Fred in Michigan, you're on with Don and Matt.
Hi, how are you guys doing? Hi, thanks for your patience.
Yeah, no problem. I was listening to that whole thing and man, heart heart felt uh thing to say, opening up. So Yeah. Uh kudos for you to for putting it out there and you know, just being a bleeding heart, I guess, you know.
Um Those Those are the ones that work.
>> [laughter] >> Yeah, yeah, yeah, exactly. Yeah, for sure.
Uh I guess so the question I wanted to ask uh cuz I just recently found your guys's show not too long ago and uh I got to say a lot of the clips I'm pretty nervous about like uh getting cussed at and yelled at and shouted [laughter] at and all that, but uh That's a good That's a good way to prevent me from doing it.
>> [laughter] >> Uh I I I just hope I'm not one of those guys, you know, so anyway. Uh so I was just curious um how it is that we can dismiss the Bible as [snorts] the evidence for God? We can't.
So I'm actually working I I'm I >> the answer I expected. I'm sorry. Yeah.
I'm actually working on a video for my Atheist Debates channel that that addresses the nature of evidence and how we qualify things because I've said it before and other people, you know, atheists say, "Well, there's no evidence for God." And then people are like, "Well, what about the Bible?" "Oh, that doesn't count."
Um there are good reasons why we say that, but I think it's confusing people about the nature of evidence. So I'm putting together a video that that discusses this in more detail, but I'll see if I can shorthand this.
Okay. To whatever extent it counts as evidence, it is still insufficient to warrant accepting of the propositions.
And it's like if the proposition was Matt strangled Don.
Coming forward and saying Matt is a person who exists is not evidence for the proposition that Matt strangled Don.
Neither is saying Matt has hands and hands are required for strangling.
That's still not evidence that I strangled Don because those those two things are true whether I strangled Don or not. And so when we talk about evidence for a proposition, first of all, we need an actual proposition proposition. A lot of times we just say evidence for God, but what we really mean is evidence that warrants concluding that a God exists.

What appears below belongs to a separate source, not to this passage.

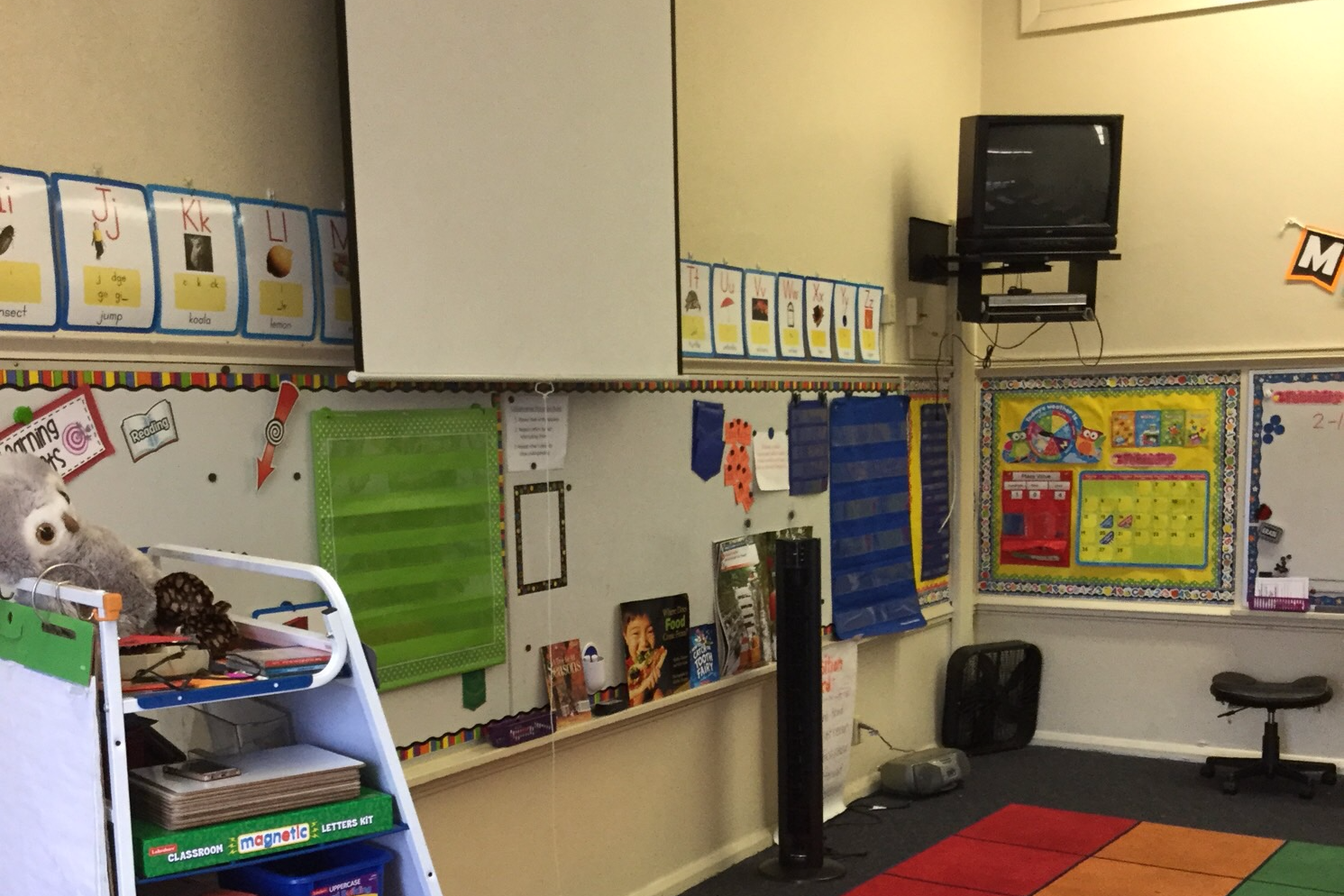 Classroom #1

And so Or that a particular God exists, right. And so what we see is in something like the Bible, these are the claims.
You need evidence for the claims and these are not prima facie claims where the claim stands on its own merits. So when you say, you know, uh Jesus walked on water.
That's a claim and there's nothing in the Bible that could ever substantiate acceptance that that claim is true on its own.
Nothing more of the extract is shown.